Basta ya de la desgracia que siempre acecha a los pobres, los desgraciados y los que no tienen futuro; esos pueblos de las orillas de los oueds [ríos], las laderas de las montañas y las periferias saturadas. Y no porque acabamos acostumbrándonos a todo podemos confundir fatalidad y resiliencia.

Y luego, nos tranquilizamos un poco, sin avergonzarnos, escondiéndonos detrás de la resiliencia del pueblo marroquí, como si ese simple viático pudiera absolvernos de nuestra indiferencia diaria ante el destino de esas poblaciones rurales, a menudo privadas de lo indispensable y aferradas a la vida en chozas, hechas de barro y saliva, construidas con sus manos callosas, y conminadas a resistir lo mejor que puedan las furias de las crecidas de los oueds o, paradójicamente, la sequía.
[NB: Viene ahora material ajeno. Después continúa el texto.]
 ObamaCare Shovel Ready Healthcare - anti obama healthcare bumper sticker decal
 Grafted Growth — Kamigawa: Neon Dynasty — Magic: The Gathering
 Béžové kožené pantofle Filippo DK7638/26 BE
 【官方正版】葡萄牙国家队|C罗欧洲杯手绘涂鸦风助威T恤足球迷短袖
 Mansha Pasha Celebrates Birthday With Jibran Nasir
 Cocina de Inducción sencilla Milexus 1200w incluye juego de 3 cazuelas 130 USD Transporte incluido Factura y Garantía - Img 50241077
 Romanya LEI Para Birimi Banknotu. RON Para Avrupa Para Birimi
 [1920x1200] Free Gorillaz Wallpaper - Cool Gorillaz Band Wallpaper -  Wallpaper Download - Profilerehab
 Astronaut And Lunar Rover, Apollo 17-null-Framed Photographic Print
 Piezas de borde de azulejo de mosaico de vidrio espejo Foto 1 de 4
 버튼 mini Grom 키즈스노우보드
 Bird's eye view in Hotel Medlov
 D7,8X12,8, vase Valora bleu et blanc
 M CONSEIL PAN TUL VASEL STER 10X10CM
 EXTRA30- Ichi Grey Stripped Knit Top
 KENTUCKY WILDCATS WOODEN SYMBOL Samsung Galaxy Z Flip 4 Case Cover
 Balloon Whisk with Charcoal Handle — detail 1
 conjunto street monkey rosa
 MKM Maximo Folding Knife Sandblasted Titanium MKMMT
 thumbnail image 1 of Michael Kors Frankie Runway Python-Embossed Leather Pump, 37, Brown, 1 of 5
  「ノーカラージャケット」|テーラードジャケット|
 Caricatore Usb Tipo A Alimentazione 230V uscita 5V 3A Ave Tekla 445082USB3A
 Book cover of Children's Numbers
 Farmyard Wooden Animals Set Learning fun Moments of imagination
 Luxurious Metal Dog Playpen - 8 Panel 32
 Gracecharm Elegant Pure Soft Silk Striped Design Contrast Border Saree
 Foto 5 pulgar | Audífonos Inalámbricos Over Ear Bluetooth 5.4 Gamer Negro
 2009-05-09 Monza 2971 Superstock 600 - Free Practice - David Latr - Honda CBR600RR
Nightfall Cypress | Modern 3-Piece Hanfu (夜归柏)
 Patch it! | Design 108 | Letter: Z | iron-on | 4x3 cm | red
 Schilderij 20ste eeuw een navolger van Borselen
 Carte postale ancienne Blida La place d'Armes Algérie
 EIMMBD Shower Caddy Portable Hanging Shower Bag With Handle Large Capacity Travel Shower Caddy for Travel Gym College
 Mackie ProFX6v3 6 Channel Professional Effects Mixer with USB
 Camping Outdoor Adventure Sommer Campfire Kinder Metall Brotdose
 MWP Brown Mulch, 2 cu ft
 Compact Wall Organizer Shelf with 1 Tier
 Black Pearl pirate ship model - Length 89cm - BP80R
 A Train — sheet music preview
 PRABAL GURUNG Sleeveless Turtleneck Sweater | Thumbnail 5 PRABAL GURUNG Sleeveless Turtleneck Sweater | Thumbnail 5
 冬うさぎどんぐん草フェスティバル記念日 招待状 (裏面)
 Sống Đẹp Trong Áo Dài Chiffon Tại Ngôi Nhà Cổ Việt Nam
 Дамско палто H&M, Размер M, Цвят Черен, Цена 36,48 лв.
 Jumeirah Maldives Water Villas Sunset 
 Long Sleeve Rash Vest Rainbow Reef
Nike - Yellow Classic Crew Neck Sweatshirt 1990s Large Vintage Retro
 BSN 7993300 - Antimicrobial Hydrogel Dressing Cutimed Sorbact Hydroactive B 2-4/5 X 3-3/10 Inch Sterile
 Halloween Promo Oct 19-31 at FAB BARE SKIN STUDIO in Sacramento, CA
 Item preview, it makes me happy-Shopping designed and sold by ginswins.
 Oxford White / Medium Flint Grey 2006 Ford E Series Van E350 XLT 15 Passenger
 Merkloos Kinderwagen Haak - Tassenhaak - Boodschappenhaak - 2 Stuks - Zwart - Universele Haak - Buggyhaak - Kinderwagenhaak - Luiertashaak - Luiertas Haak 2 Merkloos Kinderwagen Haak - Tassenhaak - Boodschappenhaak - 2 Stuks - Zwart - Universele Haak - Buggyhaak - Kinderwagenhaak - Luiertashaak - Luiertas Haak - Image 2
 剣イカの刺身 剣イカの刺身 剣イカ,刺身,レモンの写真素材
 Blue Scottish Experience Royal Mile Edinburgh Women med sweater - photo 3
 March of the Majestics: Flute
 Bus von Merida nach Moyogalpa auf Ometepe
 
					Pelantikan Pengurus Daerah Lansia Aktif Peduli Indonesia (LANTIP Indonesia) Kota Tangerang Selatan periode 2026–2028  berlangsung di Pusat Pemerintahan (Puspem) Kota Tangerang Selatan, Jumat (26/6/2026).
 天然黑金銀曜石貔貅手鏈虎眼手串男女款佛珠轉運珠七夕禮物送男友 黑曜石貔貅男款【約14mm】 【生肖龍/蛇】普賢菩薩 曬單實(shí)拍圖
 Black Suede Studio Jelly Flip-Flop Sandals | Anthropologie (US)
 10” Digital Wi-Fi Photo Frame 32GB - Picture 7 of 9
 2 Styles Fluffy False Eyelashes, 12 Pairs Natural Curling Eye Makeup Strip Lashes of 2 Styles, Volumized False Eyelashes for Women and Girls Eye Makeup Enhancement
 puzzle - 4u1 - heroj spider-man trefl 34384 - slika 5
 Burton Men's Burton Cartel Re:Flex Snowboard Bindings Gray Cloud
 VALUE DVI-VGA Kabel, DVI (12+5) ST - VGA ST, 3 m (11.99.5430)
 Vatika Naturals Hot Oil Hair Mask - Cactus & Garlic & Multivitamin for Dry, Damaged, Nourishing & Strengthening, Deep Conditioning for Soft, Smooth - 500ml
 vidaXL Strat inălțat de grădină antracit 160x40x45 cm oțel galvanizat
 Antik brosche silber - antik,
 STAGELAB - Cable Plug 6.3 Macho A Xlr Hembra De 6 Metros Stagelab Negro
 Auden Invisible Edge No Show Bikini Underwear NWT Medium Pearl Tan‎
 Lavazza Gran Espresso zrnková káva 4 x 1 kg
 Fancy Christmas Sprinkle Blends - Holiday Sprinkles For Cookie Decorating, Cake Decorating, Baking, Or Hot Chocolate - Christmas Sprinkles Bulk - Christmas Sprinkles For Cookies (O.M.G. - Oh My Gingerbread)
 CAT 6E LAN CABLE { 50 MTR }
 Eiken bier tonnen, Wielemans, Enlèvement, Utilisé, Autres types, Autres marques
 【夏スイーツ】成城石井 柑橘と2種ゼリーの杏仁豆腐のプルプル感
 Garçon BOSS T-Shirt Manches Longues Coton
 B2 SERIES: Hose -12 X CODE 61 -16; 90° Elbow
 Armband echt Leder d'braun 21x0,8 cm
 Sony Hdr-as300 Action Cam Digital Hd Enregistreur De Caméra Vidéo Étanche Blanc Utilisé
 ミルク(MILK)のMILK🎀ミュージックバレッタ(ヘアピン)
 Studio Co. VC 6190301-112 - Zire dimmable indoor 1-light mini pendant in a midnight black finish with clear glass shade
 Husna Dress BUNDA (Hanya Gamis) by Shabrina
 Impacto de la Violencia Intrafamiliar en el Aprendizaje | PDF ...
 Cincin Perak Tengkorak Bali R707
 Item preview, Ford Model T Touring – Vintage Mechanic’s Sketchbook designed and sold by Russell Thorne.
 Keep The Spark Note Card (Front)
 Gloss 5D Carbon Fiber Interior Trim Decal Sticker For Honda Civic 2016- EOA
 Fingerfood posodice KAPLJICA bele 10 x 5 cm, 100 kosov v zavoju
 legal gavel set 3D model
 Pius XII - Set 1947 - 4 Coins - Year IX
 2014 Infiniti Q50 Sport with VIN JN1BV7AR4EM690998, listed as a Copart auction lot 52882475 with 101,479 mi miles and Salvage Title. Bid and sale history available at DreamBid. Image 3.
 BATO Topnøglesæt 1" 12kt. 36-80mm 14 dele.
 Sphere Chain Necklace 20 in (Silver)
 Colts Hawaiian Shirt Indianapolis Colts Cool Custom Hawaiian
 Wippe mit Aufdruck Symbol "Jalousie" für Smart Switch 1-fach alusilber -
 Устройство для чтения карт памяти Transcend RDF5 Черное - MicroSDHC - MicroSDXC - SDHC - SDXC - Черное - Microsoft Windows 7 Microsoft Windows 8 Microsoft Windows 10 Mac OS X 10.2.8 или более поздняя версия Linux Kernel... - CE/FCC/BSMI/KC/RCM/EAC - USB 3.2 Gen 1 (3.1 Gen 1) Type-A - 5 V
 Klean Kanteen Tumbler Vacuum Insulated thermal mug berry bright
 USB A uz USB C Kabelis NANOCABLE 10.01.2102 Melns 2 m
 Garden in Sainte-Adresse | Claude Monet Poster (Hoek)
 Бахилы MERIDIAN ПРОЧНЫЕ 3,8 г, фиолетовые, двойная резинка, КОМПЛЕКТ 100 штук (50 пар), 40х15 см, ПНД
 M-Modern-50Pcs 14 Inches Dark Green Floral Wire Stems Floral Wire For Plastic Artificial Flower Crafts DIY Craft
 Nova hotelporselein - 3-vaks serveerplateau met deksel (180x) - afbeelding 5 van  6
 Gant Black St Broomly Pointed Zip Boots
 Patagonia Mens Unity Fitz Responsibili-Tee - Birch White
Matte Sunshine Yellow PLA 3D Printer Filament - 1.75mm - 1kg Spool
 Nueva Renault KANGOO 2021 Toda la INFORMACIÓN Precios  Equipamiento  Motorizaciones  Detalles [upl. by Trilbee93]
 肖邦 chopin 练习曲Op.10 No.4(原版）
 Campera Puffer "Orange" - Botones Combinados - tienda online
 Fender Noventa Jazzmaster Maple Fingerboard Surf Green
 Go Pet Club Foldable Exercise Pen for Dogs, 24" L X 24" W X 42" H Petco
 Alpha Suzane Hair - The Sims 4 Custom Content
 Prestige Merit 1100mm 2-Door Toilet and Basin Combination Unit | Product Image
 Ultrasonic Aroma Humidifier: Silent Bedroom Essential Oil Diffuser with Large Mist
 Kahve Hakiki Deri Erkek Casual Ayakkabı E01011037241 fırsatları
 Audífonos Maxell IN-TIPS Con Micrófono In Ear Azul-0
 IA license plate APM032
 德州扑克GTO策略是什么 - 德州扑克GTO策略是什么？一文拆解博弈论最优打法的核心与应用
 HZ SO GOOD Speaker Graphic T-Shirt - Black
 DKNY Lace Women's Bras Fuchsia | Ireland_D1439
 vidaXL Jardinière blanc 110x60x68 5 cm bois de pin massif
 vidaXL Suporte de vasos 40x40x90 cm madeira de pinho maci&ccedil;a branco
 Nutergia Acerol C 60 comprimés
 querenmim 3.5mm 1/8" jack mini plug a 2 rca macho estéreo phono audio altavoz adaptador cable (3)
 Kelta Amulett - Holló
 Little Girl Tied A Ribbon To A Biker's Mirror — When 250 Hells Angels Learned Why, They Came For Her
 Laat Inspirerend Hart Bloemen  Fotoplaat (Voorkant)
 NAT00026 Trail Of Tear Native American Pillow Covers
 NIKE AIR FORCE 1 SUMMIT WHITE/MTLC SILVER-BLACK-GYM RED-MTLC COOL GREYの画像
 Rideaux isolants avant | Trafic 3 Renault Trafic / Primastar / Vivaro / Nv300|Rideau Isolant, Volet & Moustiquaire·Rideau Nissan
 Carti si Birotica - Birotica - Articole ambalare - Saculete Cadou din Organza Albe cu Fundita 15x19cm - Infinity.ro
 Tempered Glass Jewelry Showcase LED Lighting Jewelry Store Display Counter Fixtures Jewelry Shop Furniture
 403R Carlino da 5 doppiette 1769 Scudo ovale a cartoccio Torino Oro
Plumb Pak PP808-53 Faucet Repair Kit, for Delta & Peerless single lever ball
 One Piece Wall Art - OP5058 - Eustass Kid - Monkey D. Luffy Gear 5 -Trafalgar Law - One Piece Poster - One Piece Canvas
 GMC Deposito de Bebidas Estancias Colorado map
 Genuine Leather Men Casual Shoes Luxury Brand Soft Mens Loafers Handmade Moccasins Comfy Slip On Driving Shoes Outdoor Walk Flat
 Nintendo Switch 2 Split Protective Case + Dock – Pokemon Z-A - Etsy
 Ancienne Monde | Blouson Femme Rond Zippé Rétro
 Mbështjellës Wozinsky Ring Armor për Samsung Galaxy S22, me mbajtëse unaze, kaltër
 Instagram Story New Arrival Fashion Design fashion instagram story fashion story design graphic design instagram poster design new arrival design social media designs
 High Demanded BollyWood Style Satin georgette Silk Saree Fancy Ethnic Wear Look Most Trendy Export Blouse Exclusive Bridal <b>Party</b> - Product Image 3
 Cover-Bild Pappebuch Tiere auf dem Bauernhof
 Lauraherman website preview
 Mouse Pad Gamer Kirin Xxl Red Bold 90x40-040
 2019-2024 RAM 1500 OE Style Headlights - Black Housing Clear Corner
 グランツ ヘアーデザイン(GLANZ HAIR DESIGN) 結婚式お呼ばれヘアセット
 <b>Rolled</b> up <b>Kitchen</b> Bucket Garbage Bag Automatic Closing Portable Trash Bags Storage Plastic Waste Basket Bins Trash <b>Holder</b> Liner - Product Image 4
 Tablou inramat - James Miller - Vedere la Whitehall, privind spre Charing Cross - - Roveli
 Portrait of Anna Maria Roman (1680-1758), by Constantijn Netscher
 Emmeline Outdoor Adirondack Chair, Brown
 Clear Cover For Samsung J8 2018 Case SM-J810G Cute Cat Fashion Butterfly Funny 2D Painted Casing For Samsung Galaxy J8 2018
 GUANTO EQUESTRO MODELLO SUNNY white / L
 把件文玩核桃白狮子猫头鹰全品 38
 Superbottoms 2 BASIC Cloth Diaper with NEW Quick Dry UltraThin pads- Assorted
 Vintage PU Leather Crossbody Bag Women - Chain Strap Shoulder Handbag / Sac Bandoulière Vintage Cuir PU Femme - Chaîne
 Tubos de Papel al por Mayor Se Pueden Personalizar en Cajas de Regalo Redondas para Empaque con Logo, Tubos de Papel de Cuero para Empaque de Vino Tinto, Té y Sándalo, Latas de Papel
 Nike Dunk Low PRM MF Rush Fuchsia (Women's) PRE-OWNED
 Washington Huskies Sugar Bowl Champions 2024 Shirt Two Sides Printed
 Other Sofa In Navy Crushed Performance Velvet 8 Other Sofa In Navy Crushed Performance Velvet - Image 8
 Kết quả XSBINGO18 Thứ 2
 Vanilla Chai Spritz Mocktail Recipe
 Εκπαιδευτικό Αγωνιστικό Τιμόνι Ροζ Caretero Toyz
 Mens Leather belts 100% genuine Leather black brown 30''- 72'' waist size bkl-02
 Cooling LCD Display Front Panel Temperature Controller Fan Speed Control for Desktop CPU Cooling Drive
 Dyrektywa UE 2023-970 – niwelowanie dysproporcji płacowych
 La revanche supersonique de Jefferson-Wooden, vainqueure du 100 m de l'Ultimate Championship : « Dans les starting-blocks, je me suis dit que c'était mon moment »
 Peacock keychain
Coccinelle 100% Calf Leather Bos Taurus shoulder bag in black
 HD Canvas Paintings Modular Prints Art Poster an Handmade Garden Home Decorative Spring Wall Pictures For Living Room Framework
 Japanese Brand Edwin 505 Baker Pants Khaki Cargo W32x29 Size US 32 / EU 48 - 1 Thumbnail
Sabemos que, después del desastre, el número de muertos y desaparecidos aumentará de hora en hora, día a día, a medida que se retiren los escombros, y que las miradas se volverán muy rápido hacia ese país profundo, en lo que queda de las chabolas de adobe y las aldeas desaparecidas. También sabemos que todo el país, con la solidaridad proverbial que lo caracteriza, hará todo lo posible para calmar el inmenso dolor. Pero también sabemos que una vez que las lágrimas se sequen, los supervivientes reconstruirán otras casas de adobe con sus manos, esperando que el cielo sea un poco más clemente y que el sol finalmente salga para ellos.

En una tierra del islam, alimentada durante siglos por las promesas de una solidaridad legal, a veces seguimos preguntándonos, cuando los hombres fracasan: “¿Y dónde está Dios en todo esto?”.